Let $(-\Delta_p)^s$ is the fractional $p$-Laplace operator defined in the usual principal value sense. In the local case, $s=1$, the p-Laplace operator is rotationally invariant under an orthogonal map. Does the same hold for the fractional p-Laplacian?

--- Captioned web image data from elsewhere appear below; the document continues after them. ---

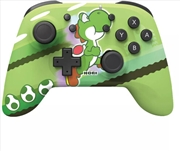 Buy HORI Wireless HORIPAD: Yoshi  for Nintendo Switch  - Officially Licensed By Nintendo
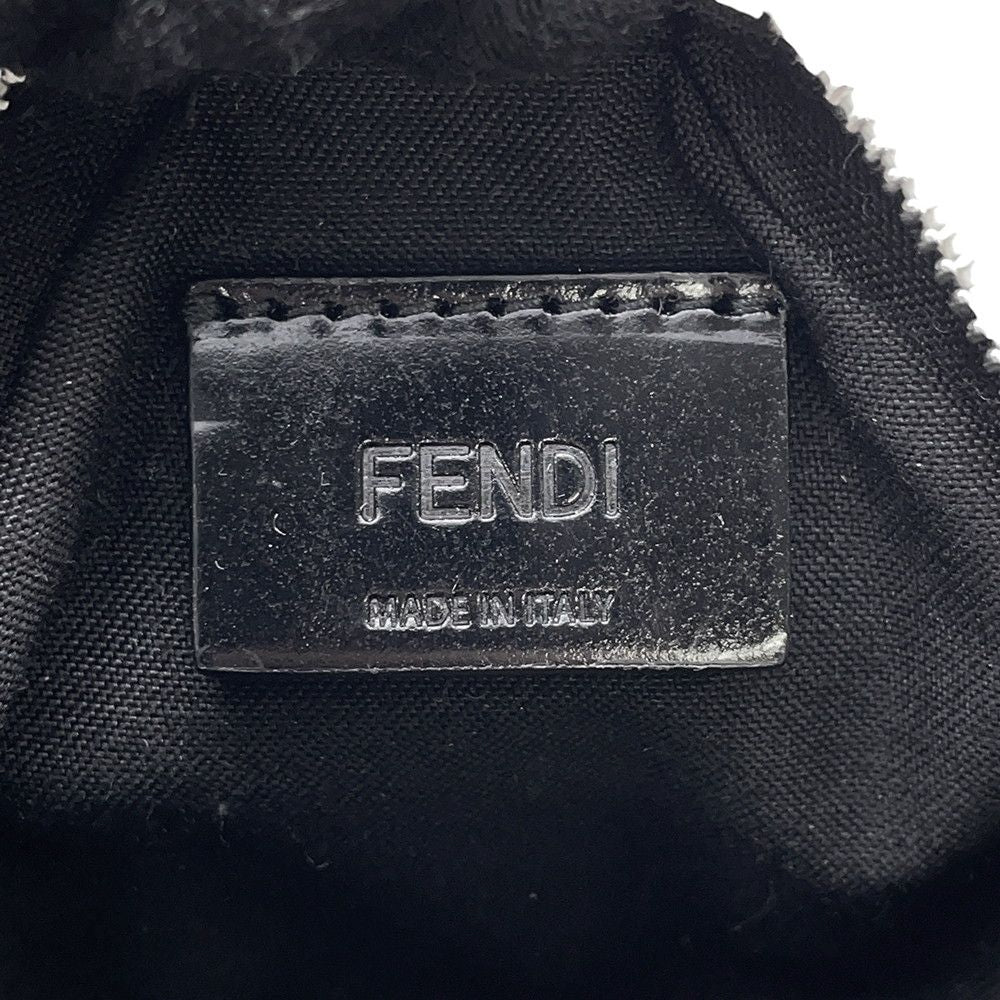 Fendi Charm Onigiri Kalungsne Cles the White Black Keychain — view 9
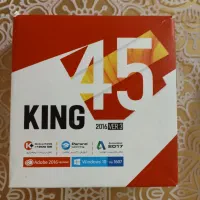 مجموعه ی نرم افزاری king 45 محصول 2016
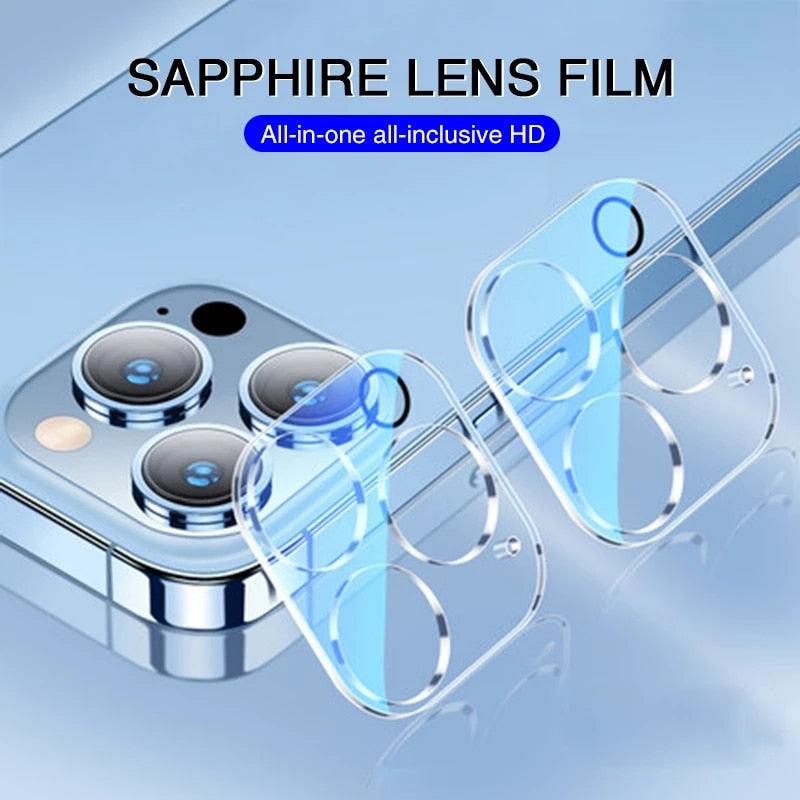Protecteurs en verre 3D premium pour caméra d'iPhone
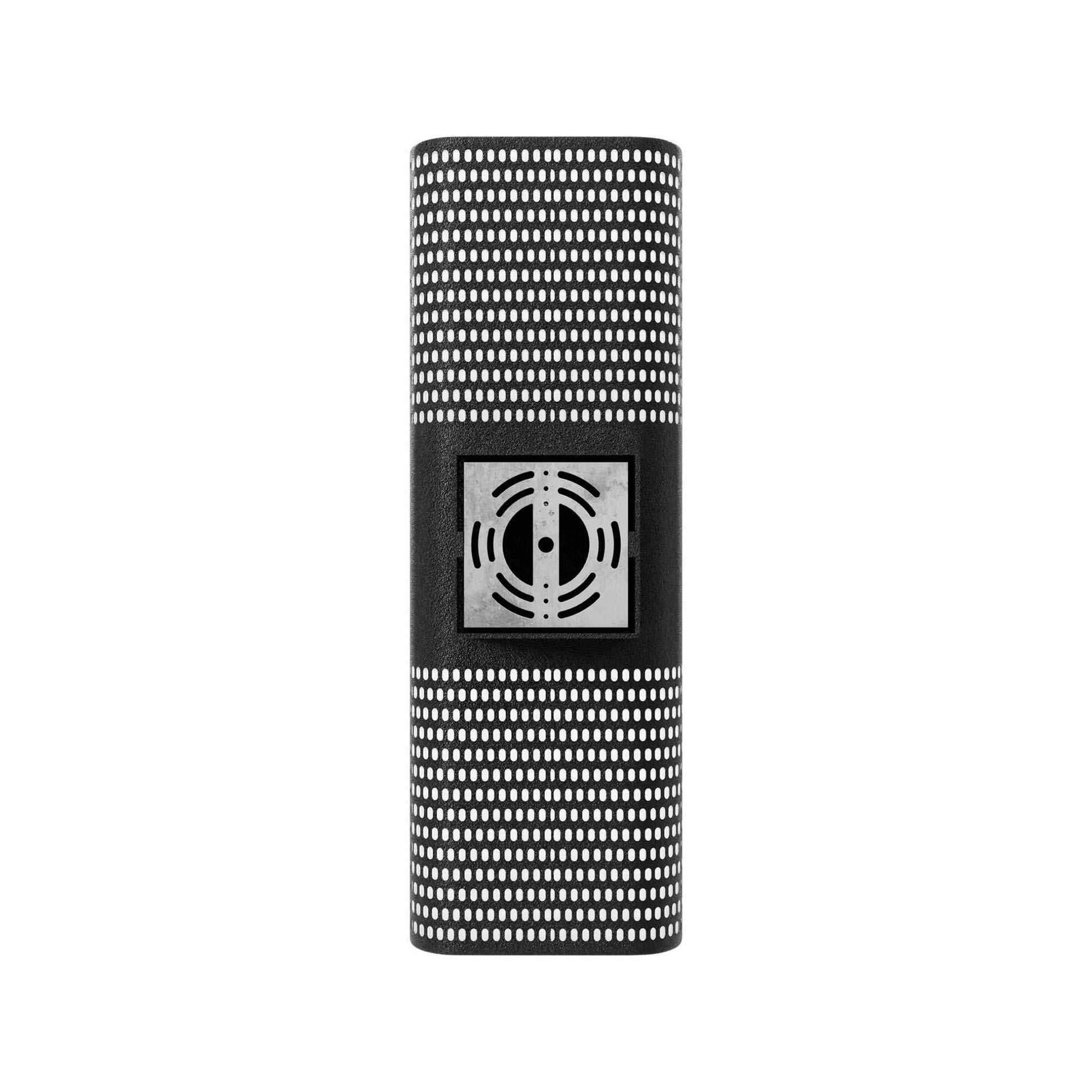 Avenue Perforated Outdoor LED Wall Light in Detail.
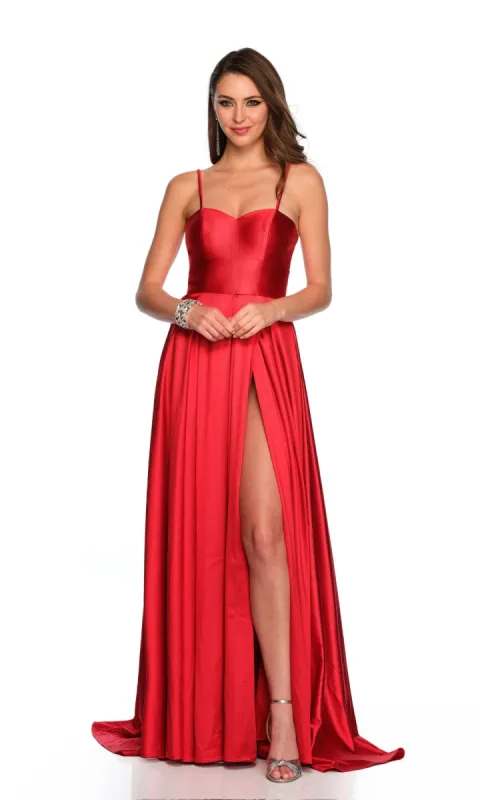 Long Formal Dress 11595 by Dave and Johnny sold by PromGirl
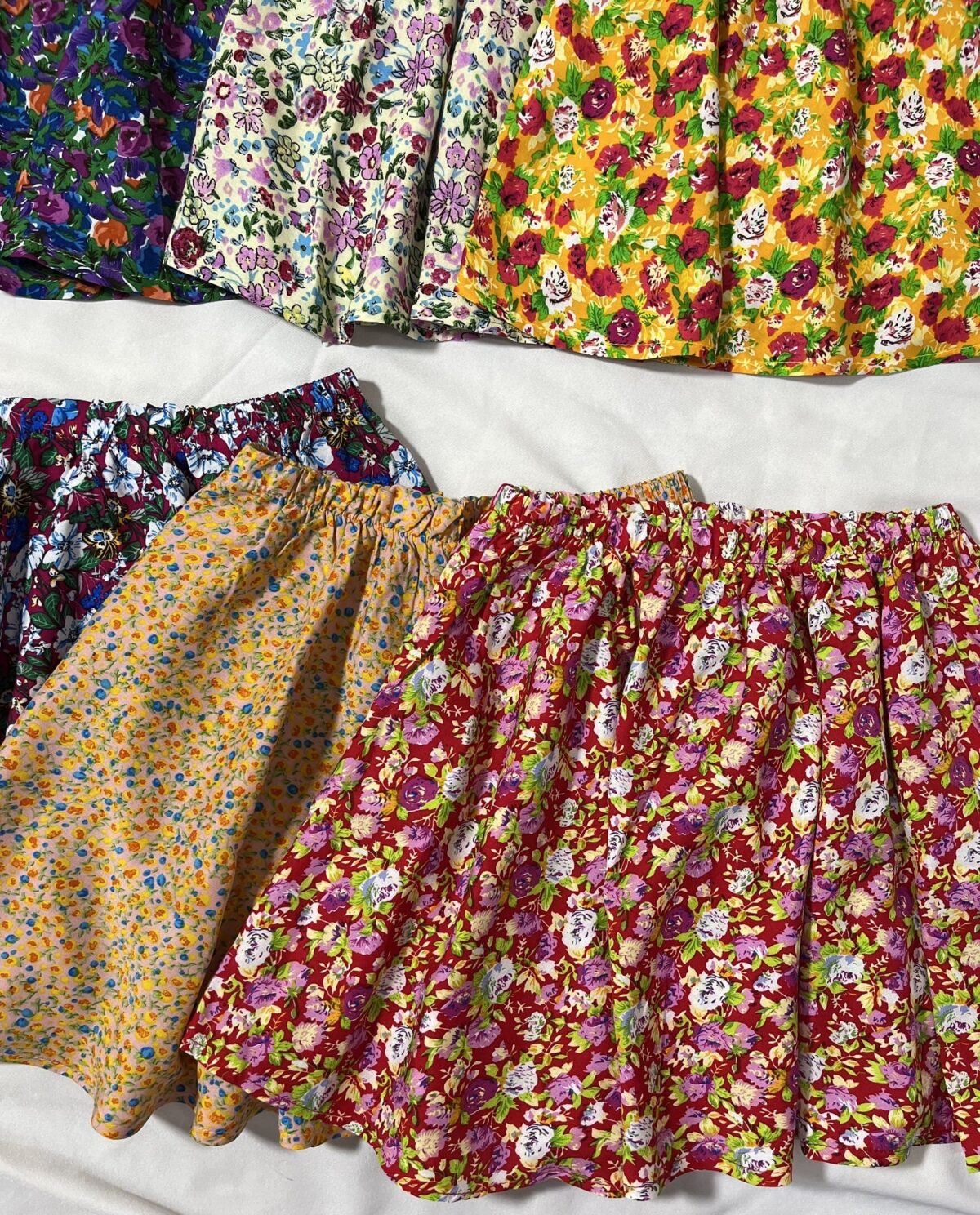 دامن نخی گلدار(1961) - Image 4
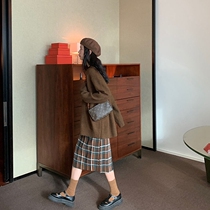 2021 New tremble sound Net red temperament thin European goods Foreign Air Age age leisure fashion two-piece set women autumn and winter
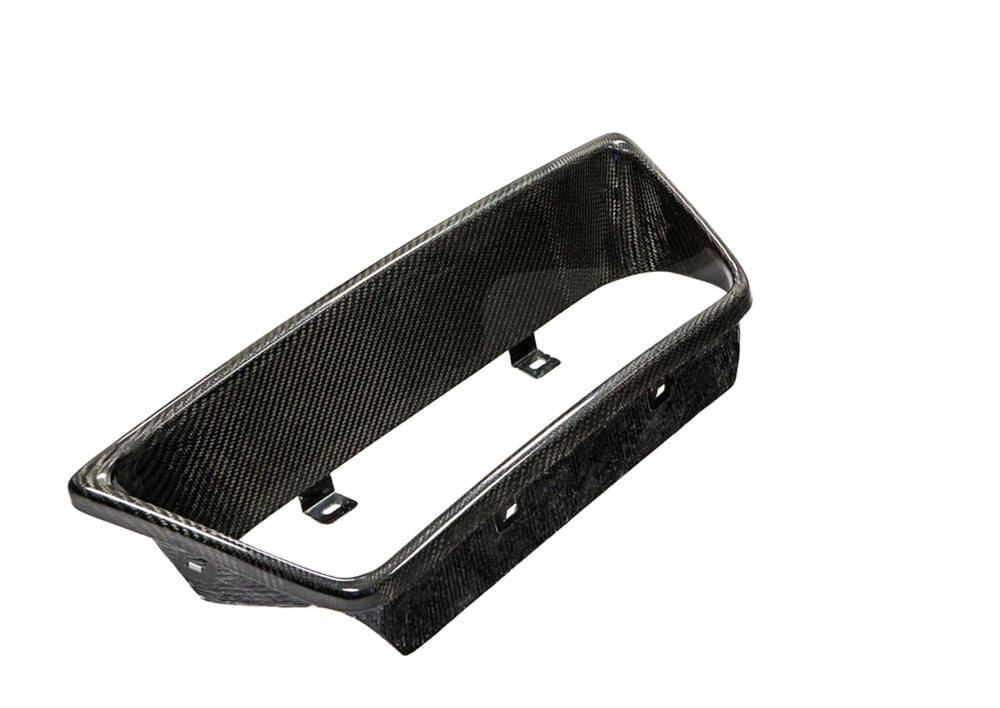 C7 Corvette Carbon Fiber LG216-AC Exhaust Surround Bezel - view 2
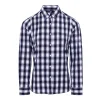 Ladies' LSL 'Mulligan' Check Cotton Bar Shirt     t Gheddi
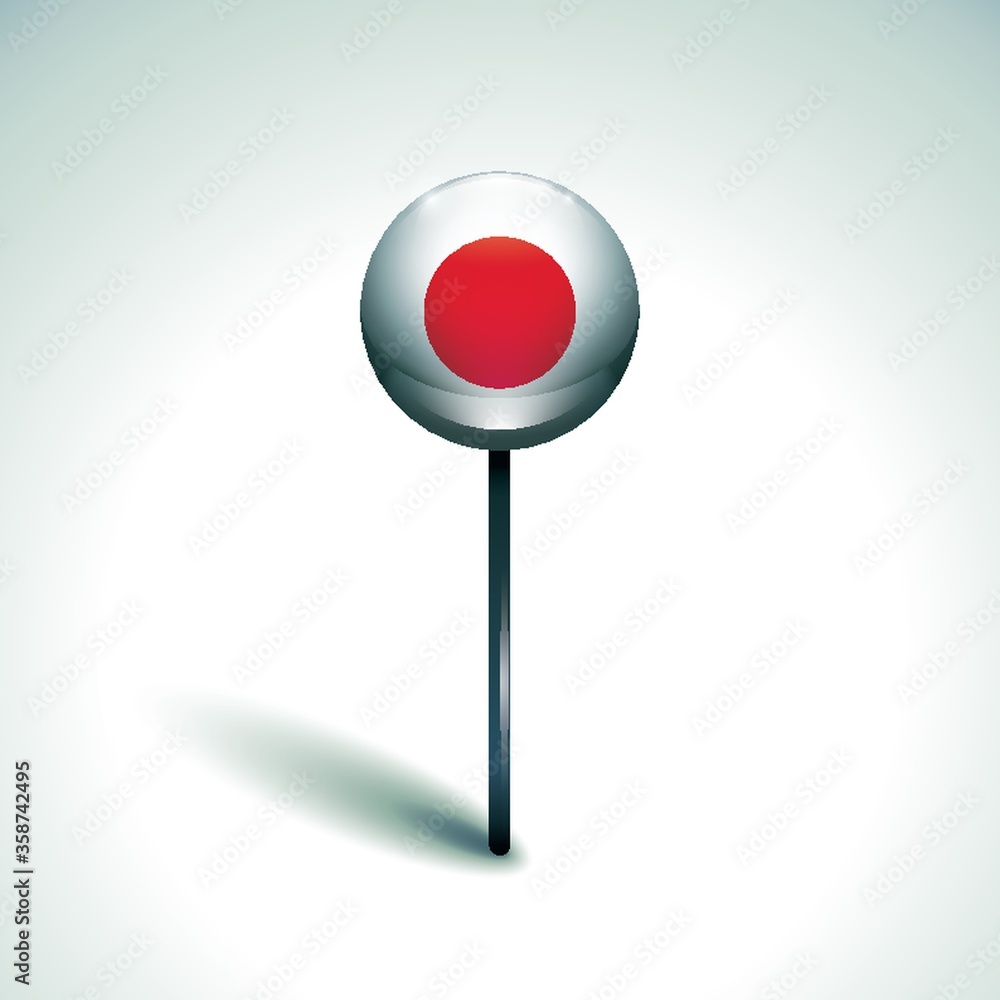 lollipop candy with japan flag lollipop candy with japan flag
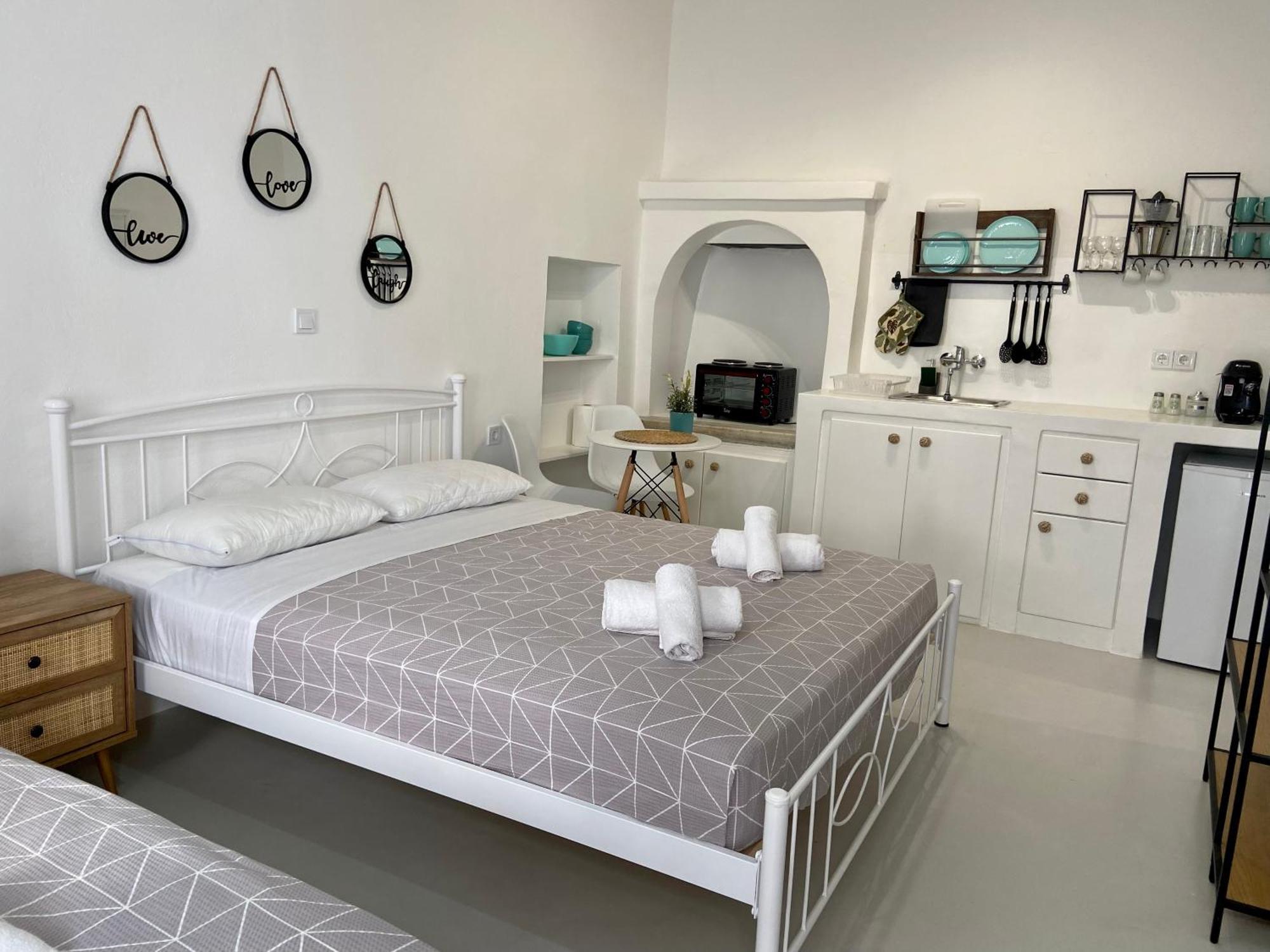 Elenita'S Mykonos Town Flatアパートメント エクステリア 写真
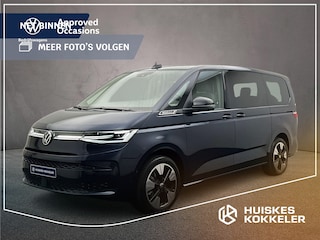Volkswagen Multivan 1.5 eHybrid L2 Bulli Edition 4Motion | Prijs is INCL. BTW/BPM !| 7 zits via-a-vis zitopstelling | Elec. schuifdeuren & achterklep | Trekhaak | 19" | TravelAssist | Verwarmd stuur & stoelen
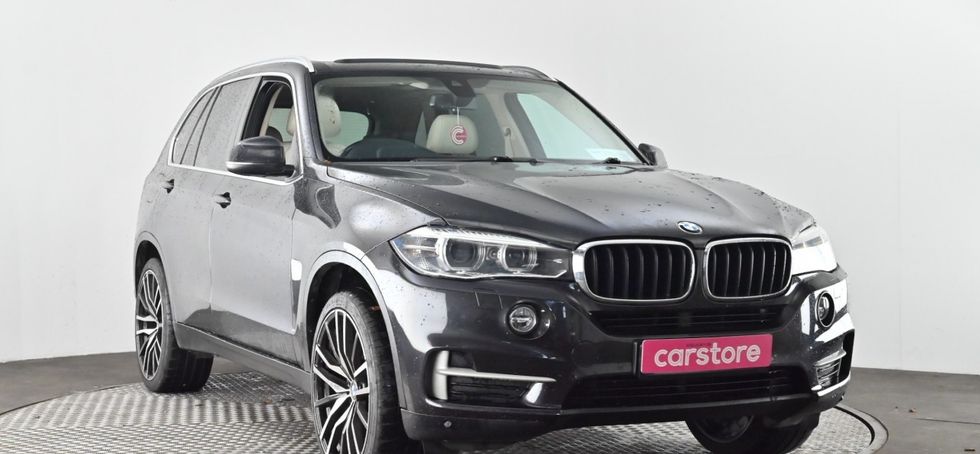 BMW X5 2016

I meant the following definition:
$$ (-\Delta_p)^s u(x)=\lim_{\epsilon\to 0}\int_{\mathbb{R}^n\setminus B_{\epsilon}(x)}\frac{|u(x)-u(y)|^{p-2}(u(x)-u(y))}{|x-y|^{n+ps}}\,\,\mathrm{d}y, $$ where $0<s<1<p<\infty$.
As @F_M_ mentions in the comments, it is. Here is a proof that doesn't require the fourier transform. Let $\mathcal O$ be an orthogonal matrix and $v(x)=u(\mathcal O x)$. Then to show $(-\Delta_p)^s $ is rotationally invariant, we must prove that $(-\Delta_p)^s v(x) = (-\Delta_p)^su(\mathcal Ox)$.
By definition, \begin{align*} (-\Delta_p)^s v(x) &= \lim_{\varepsilon \to 0^+} \int_{\mathbb R^n \setminus B_\varepsilon (x)} \frac{\vert v(x)-v(y)\vert^{p-2} (v(x)-v(y))}{\vert x-y \vert^{n+ps}} \, dy \\ &= \lim_{\varepsilon \to 0^+} \int_{\mathbb R^n \setminus B_\varepsilon (x)} \frac{\vert u(\mathcal O x)-u(\mathcal O y)\vert^{p-2} (u(\mathcal O x)-u(\mathcal O y))}{\vert x-y \vert^{n+ps}} \, dy. \end{align*} Since $\mathcal O :\mathbb R^n \to \mathbb R^n$ is an isometry, $\vert x-y \vert= \vert\mathcal O x-\mathcal Oy \vert$, so $$(-\Delta_p)^s v(x) =\lim_{\varepsilon \to 0^+} \int_{\mathbb R^n \setminus B_\varepsilon (x)} \frac{\vert u(\mathcal O x)-u(\mathcal O y)\vert^{p-2} (u(\mathcal O x)-u(\mathcal O y))}{\vert\mathcal O x-\mathcal Oy \vert^{n+ps}} \, dy. $$ Making the change of variables $z=\mathcal O y $, noting that the Jacobian is $ \vert \partial y / \partial z\vert = \vert \det \mathcal O \vert =1 $, we have that \begin{align*} (-\Delta_p)^s v(x) &=\lim_{\varepsilon \to 0^+} \int_{\mathbb R^n \setminus B_\varepsilon (\mathcal O x)} \frac{\vert u(\mathcal O x)-u(\mathcal z)\vert^{p-2} (u(\mathcal O x)-u(\mathcal z))}{\vert\mathcal O x-\mathcal z \vert^{n+ps}} \, dz =(-\Delta_p)^s u(\mathcal O x) \end{align*} as required.